Adrian stood frozen, his hand still hovering in the air. A flash of hurt crossed his features, but he was too well-bred to let it linger. "Was I too forward? I’m sorry, Francesca. I thought—"
"No, it’s not you," she interrupted, shaking her head. She felt an overwhelming sense of absurdity. Here was the man who fit every requirement of her heart’s old design. Yet, when he finally offered her the peace she thought she wanted, it tasted like nothing.
She looked at Adrian, and for the first time, he seemed... diminished. He was a beautiful, safe harbor, but she realized with a cold terror that she had already been swept out to sea by a storm she couldn't name. She didn't love Julian—she hardly knew him—but she realized with a sinking heart that the version of herself that could love Adrian had died on that examination table.

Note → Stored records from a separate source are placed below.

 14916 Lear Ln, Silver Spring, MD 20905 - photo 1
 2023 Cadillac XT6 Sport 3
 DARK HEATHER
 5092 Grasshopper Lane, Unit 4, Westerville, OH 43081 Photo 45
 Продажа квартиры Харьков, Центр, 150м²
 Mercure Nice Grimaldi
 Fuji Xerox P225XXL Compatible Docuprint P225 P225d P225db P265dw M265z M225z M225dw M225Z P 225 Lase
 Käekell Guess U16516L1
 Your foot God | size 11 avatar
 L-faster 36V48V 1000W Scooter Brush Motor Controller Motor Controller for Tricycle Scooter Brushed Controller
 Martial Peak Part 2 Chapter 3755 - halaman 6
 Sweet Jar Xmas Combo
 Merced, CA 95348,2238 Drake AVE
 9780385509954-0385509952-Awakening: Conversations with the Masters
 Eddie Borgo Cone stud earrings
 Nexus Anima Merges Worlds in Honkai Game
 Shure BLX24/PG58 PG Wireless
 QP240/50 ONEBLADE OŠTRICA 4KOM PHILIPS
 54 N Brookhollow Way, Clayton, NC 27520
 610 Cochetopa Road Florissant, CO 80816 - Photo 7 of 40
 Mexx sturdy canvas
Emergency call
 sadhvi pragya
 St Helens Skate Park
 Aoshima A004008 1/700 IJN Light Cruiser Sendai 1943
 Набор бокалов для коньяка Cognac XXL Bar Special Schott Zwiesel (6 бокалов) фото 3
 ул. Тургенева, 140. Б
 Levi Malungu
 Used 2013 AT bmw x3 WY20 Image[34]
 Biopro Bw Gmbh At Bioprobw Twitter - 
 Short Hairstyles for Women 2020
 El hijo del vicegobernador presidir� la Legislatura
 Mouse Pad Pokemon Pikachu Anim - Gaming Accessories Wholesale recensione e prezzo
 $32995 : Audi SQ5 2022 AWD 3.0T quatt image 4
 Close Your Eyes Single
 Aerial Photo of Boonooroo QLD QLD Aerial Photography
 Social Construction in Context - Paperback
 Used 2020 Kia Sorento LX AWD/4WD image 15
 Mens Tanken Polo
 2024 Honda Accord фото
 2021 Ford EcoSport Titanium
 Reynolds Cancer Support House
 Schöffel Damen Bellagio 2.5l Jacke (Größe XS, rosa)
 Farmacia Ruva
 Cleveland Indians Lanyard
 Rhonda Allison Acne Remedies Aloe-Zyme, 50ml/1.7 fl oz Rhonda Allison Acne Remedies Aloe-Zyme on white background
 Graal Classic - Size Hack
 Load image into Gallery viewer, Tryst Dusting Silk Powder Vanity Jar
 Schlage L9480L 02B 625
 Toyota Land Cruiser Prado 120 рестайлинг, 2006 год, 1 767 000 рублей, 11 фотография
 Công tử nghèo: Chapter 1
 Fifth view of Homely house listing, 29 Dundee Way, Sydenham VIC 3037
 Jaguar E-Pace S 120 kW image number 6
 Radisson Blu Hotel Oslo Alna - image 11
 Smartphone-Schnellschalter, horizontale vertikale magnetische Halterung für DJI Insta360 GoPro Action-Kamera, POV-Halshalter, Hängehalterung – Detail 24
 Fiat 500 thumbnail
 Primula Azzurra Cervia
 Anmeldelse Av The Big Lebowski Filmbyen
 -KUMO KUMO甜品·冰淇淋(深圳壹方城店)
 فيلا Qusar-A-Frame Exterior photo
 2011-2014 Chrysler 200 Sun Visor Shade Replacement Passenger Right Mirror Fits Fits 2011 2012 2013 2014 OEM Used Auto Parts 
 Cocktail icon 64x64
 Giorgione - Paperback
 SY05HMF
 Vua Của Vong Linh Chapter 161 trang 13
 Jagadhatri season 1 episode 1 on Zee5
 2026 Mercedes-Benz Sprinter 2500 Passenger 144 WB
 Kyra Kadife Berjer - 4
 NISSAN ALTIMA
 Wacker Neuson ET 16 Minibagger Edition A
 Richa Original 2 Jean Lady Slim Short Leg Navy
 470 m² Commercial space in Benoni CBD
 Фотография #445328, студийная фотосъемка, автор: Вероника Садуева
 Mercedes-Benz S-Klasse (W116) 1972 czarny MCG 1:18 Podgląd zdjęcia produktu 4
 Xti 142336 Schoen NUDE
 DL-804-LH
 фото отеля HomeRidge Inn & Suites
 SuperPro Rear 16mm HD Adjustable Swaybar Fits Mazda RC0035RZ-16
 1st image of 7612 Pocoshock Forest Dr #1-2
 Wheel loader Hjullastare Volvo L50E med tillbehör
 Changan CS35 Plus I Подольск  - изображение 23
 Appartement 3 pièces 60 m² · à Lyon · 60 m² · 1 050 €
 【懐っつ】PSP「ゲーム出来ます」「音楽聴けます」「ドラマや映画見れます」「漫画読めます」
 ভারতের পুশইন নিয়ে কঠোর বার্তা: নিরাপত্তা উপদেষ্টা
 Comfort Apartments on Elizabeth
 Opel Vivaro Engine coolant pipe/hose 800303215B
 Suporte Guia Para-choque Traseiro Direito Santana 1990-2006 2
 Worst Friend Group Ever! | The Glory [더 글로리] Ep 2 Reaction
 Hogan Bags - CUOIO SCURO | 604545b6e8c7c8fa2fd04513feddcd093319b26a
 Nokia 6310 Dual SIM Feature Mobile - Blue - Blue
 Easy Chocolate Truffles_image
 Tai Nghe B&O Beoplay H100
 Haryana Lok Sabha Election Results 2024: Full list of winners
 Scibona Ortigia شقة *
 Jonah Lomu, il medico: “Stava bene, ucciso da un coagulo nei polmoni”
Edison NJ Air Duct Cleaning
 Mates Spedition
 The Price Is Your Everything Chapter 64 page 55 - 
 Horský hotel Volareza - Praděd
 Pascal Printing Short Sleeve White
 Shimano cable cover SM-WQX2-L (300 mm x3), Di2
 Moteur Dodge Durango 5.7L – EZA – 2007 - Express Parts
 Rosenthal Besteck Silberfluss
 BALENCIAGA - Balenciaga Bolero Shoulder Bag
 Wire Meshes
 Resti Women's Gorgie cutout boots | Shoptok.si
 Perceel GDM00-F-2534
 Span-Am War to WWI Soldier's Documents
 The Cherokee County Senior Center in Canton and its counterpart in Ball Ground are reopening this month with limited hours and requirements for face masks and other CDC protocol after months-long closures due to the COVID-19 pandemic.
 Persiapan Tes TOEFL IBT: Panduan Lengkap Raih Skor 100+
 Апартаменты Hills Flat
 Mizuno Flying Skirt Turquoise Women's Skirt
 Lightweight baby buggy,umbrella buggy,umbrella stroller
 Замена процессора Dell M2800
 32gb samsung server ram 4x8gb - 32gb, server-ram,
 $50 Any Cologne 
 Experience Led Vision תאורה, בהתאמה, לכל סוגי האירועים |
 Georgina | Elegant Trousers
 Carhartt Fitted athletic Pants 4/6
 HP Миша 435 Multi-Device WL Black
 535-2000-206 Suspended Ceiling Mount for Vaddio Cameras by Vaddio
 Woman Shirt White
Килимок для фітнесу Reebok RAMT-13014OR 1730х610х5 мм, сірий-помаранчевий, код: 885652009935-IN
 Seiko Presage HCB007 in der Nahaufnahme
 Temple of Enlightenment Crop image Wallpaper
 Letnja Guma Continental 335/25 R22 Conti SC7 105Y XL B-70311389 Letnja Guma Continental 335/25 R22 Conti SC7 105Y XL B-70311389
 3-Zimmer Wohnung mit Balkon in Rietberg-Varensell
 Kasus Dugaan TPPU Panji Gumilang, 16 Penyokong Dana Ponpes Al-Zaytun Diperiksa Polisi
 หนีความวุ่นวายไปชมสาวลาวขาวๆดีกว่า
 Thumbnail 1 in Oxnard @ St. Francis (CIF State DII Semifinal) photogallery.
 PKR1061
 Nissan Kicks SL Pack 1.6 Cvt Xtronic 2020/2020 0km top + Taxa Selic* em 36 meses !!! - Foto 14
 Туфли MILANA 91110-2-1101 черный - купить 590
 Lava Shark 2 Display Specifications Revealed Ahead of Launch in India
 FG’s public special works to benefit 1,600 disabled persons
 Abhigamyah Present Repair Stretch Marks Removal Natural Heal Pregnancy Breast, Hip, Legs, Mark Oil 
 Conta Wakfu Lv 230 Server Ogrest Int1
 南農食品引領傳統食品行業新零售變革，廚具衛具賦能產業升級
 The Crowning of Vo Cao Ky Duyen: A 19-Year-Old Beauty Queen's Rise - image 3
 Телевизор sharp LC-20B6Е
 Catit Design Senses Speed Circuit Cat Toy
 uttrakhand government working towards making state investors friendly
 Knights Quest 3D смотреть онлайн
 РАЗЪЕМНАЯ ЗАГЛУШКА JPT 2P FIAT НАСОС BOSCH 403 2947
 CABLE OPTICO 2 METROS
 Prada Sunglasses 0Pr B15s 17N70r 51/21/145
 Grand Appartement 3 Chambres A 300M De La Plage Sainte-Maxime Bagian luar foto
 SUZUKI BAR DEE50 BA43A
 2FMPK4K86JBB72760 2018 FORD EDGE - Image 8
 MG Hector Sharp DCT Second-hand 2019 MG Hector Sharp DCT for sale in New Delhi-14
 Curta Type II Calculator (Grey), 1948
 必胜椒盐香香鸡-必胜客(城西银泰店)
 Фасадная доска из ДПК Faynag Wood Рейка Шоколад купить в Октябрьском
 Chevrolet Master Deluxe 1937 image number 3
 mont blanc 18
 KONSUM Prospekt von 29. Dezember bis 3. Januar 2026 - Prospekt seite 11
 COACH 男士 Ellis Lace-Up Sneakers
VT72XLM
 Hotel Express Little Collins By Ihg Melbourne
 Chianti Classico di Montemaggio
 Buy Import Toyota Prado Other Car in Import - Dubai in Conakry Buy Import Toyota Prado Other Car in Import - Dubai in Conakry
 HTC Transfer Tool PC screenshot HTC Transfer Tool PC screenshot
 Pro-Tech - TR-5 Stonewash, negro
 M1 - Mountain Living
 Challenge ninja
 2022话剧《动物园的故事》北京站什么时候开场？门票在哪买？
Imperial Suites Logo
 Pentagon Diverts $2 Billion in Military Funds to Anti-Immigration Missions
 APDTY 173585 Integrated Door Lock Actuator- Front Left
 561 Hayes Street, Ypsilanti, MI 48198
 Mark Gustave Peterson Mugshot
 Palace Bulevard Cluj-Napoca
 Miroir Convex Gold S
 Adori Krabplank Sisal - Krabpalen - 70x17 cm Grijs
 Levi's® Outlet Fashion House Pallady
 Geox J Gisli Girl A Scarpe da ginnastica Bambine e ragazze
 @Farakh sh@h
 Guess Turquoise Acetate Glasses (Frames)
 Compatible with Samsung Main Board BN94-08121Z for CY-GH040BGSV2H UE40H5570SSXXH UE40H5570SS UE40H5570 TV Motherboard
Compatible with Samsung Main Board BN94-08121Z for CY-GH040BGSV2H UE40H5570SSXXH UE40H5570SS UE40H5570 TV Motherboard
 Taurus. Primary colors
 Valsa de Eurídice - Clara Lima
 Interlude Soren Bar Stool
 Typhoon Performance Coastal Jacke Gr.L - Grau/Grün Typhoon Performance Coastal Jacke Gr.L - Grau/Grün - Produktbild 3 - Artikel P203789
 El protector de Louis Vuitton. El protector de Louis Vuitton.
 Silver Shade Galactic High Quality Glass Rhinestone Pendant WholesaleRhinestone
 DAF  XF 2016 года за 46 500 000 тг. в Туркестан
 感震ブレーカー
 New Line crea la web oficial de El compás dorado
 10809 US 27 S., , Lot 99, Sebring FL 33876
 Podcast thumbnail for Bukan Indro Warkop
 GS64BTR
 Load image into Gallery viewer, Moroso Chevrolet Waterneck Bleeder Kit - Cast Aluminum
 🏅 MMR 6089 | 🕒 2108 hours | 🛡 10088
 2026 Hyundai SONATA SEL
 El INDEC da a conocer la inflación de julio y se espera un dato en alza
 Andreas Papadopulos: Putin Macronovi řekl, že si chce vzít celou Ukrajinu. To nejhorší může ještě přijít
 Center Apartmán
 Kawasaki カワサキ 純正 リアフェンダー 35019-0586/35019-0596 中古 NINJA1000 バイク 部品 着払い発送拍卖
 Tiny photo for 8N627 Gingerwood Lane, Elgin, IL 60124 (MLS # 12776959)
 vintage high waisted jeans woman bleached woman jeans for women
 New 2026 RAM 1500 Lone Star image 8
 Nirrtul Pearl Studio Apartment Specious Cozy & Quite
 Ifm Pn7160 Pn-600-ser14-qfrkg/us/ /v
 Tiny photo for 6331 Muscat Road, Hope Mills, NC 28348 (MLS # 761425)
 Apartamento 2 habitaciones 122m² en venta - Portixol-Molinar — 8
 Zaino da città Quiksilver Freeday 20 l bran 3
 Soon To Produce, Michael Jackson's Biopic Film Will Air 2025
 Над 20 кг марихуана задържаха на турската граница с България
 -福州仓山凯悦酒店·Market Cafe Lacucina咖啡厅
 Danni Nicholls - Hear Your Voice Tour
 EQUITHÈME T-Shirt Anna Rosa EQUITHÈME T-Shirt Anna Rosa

"I need to go," she stammered, already backing away toward the driveway. "The drug... the doctors said there might be side effects. I’m not myself tonight."
She fled toward her car, the heavy door closing with a definitive thud. As she drove away, she looked back at the darkened campus. Julian was long gone, back to his quiet dorm, but his shadow remained draped over her soul, making her realize that for some poisons, there was no such thing as a full recovery.